1

My objective is to identify the exact indentation of a code line in a python file. Since i would be instrumenting statements at some location, determining the required indentation of of a line is important to achieve my goal. The problem can be explained in the following example:

First Scenario
#A.py

a=0                  <----------- indentation '0' spaces or '0' \t
while a<5:           <----------- indentation '0' spaces or '0' \t
    print a          <----------- indentation '4' spaces or '1' \t
    a=a+1            <----------- indentation '4' spaces or '1' \t

Second scenario
#A.py

a=0                  <----------- indentation '0' spaces or '0' \t
while a<5:           <----------- indentation '0' spaces or '0' \t
        print a      <----------- indentation '8' spaces or '2' \t
        a=a+1        <----------- indentation '8' spaces or '2' \t

Since i am inspecting an application consisting of many files i come across files with the above scenarios. I would like to know how to determine the indentation of any line in a python file?

Kaushik
  • 1,264
  • 8
  • 20
  • 32
  • You could read the line, then use `lstrip()` to trim the leading whitespace and compare the new string size to the size that had the leading spaces. – Hunter McMillen Jul 29 '13 at 15:54
  • 3
    That way lies madness. Instead of measuring what's there, just change it all to be consistent so you don't need to guess anymore. – Mark Ransom Jul 29 '13 at 15:54
  • If you're working with any source code then you have to accept anything the parser accepts. – Joe Jul 29 '13 at 15:54
  • I think he is trying to build a linting or code analysis tool. No need for condescending comments. – Markus Unterwaditzer Jul 29 '13 at 16:01
  • @MarkusUnterwaditzer I don't think anyone's comments were condescending? Or was the comment since removed? – Joe Jul 29 '13 at 16:28
  • Almost duplicate of: https://stackoverflow.com/questions/2268532/grab-a-lines-whitespace-indention-with-python. Not a duplicate because specifically for Python, introspection is relevant: https://stackoverflow.com/questions/39172306/can-a-line-of-python-code-know-its-indentation-nesting-level – 0 _ Sep 11 '17 at 16:05

5 Answers5

4

Be aware that the method you choose to determine indentation can have a substantial impact on performance. As an example, while you can use a regular expression for the task of measuring leading whitespace, there are easier and far more efficient ways to do so.

import re

line = '            Then the result is even.'
r = re.compile(r"^ *")

%timeit len(line) - len(line.lstrip())    # 1000000 loops, best of 3: 0.387 µs per loop
%timeit len(re.findall(r"^ *", line)[0])  #  100000 loops, best of 3: 1.94 µs per loop
%timeit len(r.findall(line)[0])           # 1000000 loops, best of 3: 0.890 µs per loop

The reason regular expressions from the other answers are slower is that a regular expression is a state machine, compiled at the time the regular expression is constructed. Internally there is a cache, but even then it's better to hand-compile and reuse the regular expression yourself.

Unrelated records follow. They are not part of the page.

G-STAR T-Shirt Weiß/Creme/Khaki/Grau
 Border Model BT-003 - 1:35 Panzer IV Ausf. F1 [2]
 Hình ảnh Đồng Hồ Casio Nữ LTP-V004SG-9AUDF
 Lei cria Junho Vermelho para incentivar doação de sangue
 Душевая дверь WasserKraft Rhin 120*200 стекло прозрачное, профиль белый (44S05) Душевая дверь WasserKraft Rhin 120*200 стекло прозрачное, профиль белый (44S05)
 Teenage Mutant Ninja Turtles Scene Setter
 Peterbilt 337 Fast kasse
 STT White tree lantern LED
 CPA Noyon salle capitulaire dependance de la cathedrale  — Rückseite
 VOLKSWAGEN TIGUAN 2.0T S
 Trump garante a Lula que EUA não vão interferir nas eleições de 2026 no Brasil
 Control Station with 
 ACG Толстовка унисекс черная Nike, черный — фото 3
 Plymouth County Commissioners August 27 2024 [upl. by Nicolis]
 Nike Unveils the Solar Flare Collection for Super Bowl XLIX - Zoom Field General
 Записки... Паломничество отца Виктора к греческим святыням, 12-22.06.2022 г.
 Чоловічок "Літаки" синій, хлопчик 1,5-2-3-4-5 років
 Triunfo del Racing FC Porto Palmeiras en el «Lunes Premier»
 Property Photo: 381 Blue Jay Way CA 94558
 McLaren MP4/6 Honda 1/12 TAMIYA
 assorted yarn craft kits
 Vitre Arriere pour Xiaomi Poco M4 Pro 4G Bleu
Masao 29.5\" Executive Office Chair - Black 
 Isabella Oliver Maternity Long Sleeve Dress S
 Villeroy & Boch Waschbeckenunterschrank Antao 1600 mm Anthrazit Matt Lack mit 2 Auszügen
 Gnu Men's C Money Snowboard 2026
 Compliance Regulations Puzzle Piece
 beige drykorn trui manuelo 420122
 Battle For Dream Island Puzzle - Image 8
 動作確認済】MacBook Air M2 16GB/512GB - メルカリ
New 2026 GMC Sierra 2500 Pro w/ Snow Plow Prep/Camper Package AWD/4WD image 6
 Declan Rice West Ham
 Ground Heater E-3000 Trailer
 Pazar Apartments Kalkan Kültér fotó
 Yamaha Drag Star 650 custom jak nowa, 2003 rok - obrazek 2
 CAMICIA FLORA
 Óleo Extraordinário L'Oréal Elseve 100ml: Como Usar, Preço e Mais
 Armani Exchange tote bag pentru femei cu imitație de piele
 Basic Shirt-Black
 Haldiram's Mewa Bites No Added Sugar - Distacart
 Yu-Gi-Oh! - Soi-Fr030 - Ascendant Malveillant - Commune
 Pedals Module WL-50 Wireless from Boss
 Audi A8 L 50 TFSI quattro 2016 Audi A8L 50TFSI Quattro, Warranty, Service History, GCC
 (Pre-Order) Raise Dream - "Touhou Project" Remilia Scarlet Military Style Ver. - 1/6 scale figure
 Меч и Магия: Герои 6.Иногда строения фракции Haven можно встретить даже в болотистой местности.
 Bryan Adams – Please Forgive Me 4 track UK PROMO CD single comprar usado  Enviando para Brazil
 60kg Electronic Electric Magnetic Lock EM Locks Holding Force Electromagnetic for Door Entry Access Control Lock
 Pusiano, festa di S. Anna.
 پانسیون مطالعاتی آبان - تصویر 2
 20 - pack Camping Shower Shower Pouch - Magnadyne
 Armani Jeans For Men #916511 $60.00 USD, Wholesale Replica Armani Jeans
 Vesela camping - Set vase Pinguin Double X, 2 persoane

Notice, however, that the regular expression solution is only 20% as fast (worst case; 43% if using pre-compiled expressions) as the first sample which compares the string before and after stripping of whitespace.

Important note: Python interprets tabs as 8-space indentation, so you'd also need to .replace() literal tabs with the equivalent amount of space before evaluation.

Edited to add: the Python parser itself does not care about specific indentation levels, only that a given "block" is consistently indented. The amount of increase in indentation is effectively ignored and stripped away, replacing, instead, with INDENT and DEDENT tokens. (Indent with 16 spaces → only one INDENT token.) It's the change in indentation line-to-line that really matters.

amcgregor
  • 1,228
  • 12
  • 29
  • Added for follow-up: `def foo():\n\t pass` ← how much indentation does the "pass" have? Technically "one", represented as an equivalent to 10 spaces (8 space tab + 2). Python as a language doesn't care about the amount of indentation, only increases and decreases. [Token reference](https://docs.python.org/3.8/library/token.html#token.INDENT) and [interactive exploration](https://docs.python.org/3.8/library/tokenize.html#command-line-usage). To get the right answer requires using the parse module, counting INDENTs - DEDENTs up to the line in question. – amcgregor Apr 07 '20 at 13:05
0

What about

line = '    \t  asdf'
len(re.split('\w', line)[0].replace('\t', '    '))
>>> 10

Note that none of the other suggested solutions will count tabs right.

Michael
  • 7,316
  • 1
  • 37
  • 63
0

You can use Regex:

import re
with open("/path/to/file") as file:
    for mark, line in enumerate(file.readlines()):
        print mark, len(re.findall("^ *", line)[0])

The first number is the line number and the second is the indentation.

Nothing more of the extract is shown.